# Assigned task
Repeat every entry word for word; omit all pictures.

# Data extract
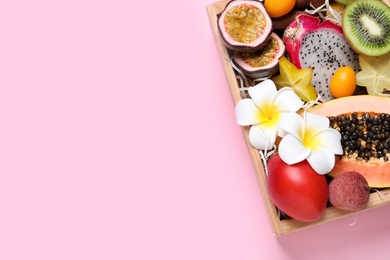 Different tropical fruits in wooden box on pink background, top view. Space for text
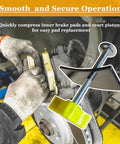 Disc Brake Pad Spreader And Caliper Piston Tool being used to compress car brake pads with solid steel build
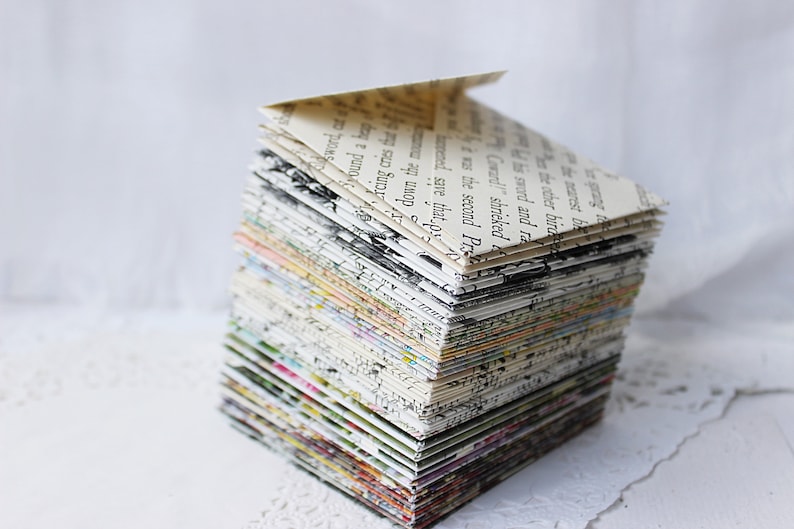 May include: A stack of folded paper envelopes, each made from a different page of a book, creating a colorful and textured pattern. The envelopes are stacked in a pyramid shape.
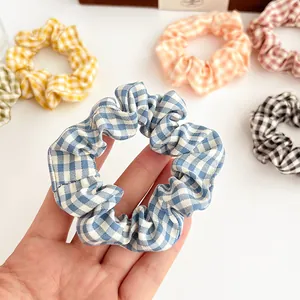 Set de coleteros a cuadros coloridos con textura de tela suave para peinados con estilo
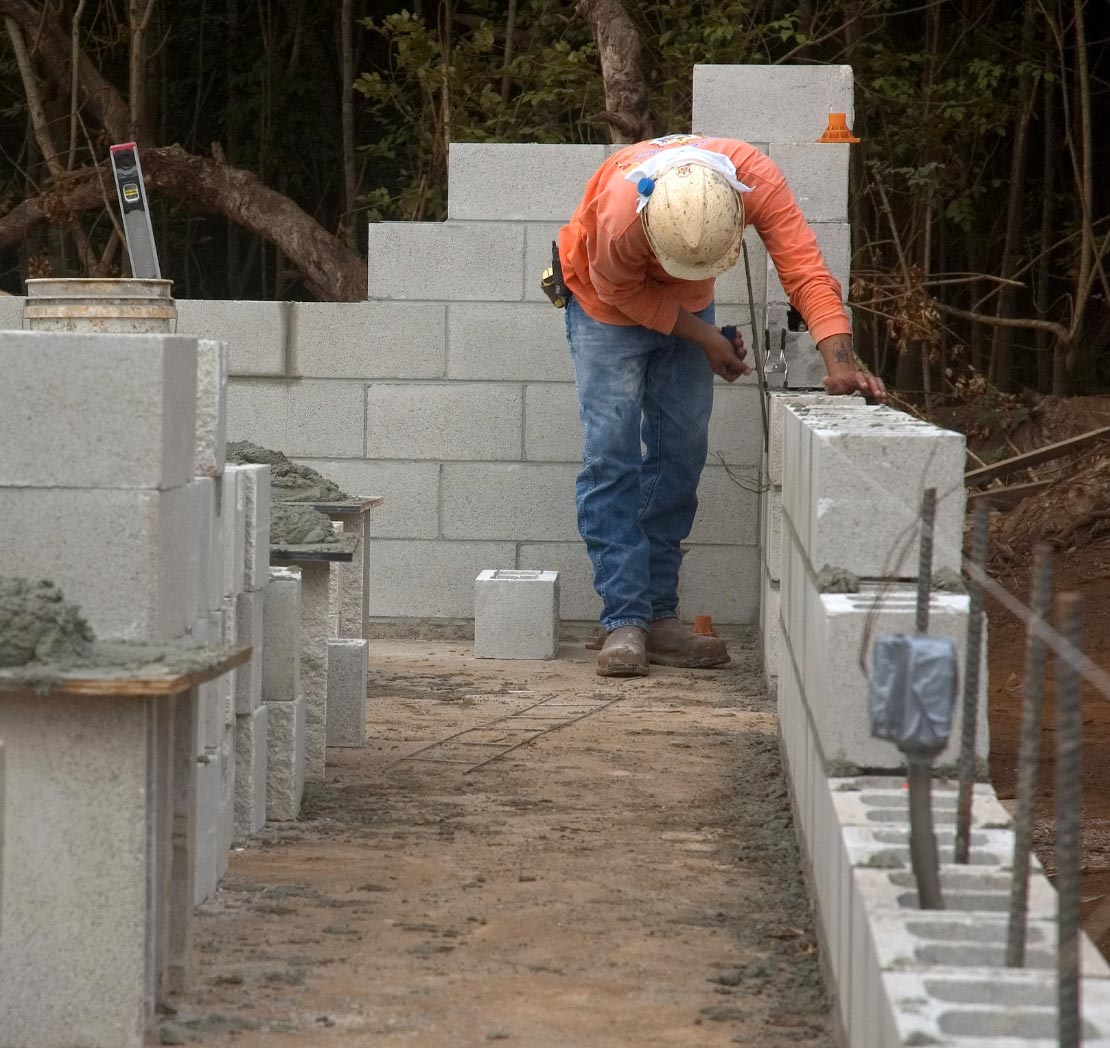 A construction worker in a hard hat lays concrete blocks to build a wall at a worksite for an Asphalt Paving Contractor in Arnold MD.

# Answer to this problem
 Different tropical fruits in wooden box on pink background, top view. Space for text
 Disc Brake Pad Spreader And Caliper Piston Tool being used to compress car brake pads with solid steel build
 May include: A stack of folded paper envelopes, each made from a different page of a book, creating a colorful and textured pattern. The envelopes are stacked in a pyramid shape.
 Set de coleteros a cuadros coloridos con textura de tela suave para peinados con estilo
 A construction worker in a hard hat lays concrete blocks to build a wall at a worksite for an Asphalt Paving Contractor in Arnold MD.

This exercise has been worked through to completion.